What I really don't get, though, is that when I feed this through the complete parser:
QueryParser parser = new QueryParser(tokens);
parser.removeErrorListeners();
parser.addErrorListener(LoggingErrorListener.get());
parser.setErrorHandler(new BailErrorStrategy());
// Performance hack as per the ANTLR v4 FAQ
parser.getInterpreter().setPredictionMode(PredictionMode.SLL);
ParseTree expression;
try
{
expression = parser.startExpression();
}
catch (Exception e)
{
// It catches a StringIndexOutOfBoundsException here.
parser.reset();
parser.getInterpreter().setPredictionMode(PredictionMode.LL);
expression = parser.startExpression();
}
I get:
tokens = {org.antlr.v4.runtime.CommonTokenStream#1811}
channel = 0
tokenSource = {MyQueryLexer#1810}
tokens = {java.util.ArrayList#1816} size = 3
0 = {org.antlr.v4.runtime.CommonToken#1818} "[#0,0:0='A',<13>,1:0]"

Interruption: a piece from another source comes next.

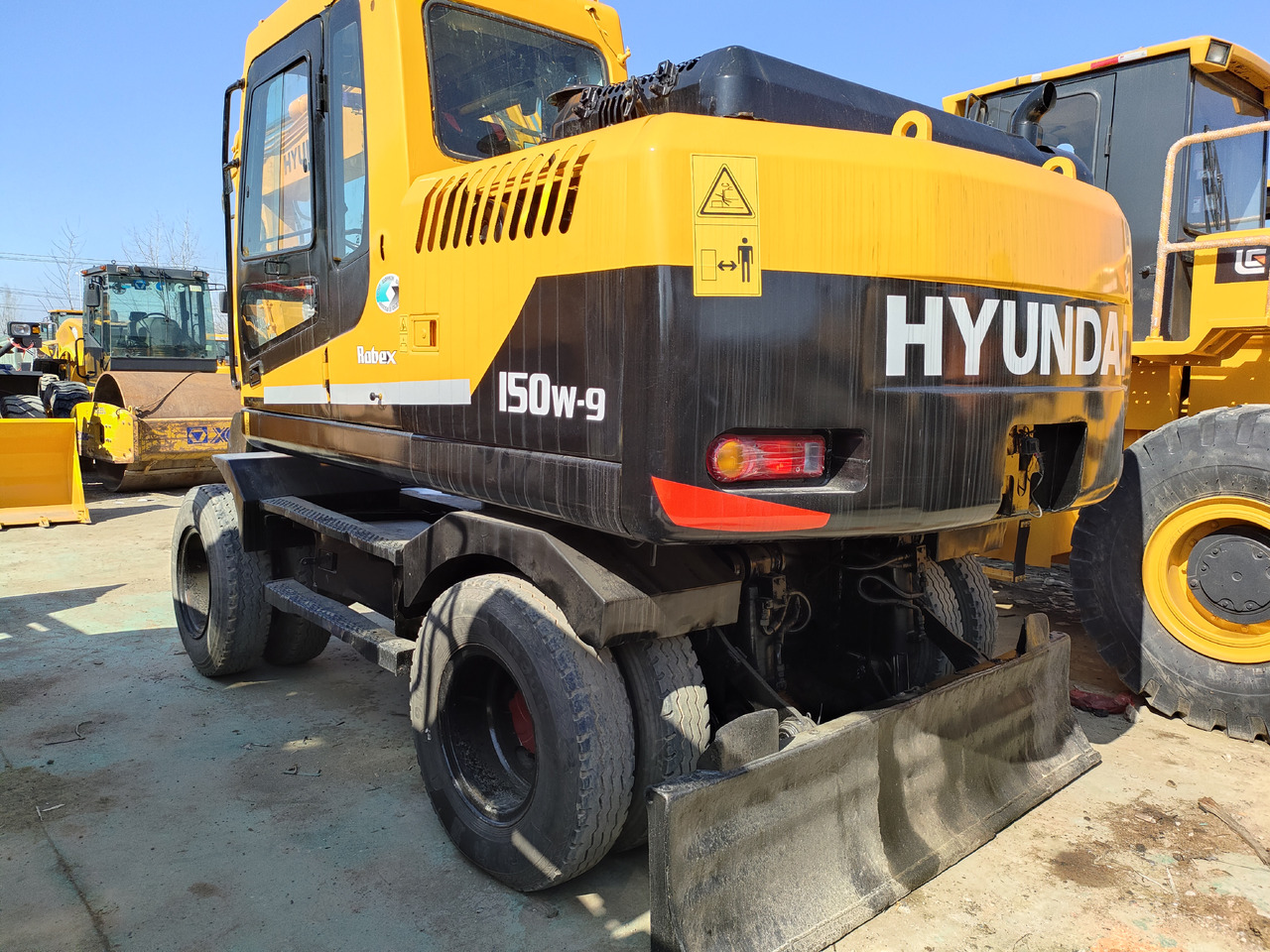 Hyundai R150W-9 - Ekskavator roda: gambar 2 Hyundai R150W-9 - Ekskavator roda: gambar 2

1 = {org.antlr.v4.runtime.CommonToken#1819} "[#1,1:1=' ',<32>,1:1]"
2 = {org.antlr.v4.runtime.CommonToken#1820} "[#2,3:2='<EOF>',<-1>,1:3]"
p = 2
fetchedEOF = true
expression = {MyQueryParser$StartExpressionContext#1813} "[]"
children = {java.util.ArrayList#1827} size = 3
0 = {MyQueryParser$ExpressionContext#1831} "[87]"
1 = {org.antlr.v4.runtime.tree.TerminalNodeImpl#1832} " "
2 = {org.antlr.v4.runtime.tree.TerminalNodeImpl#1833} "<EOF>"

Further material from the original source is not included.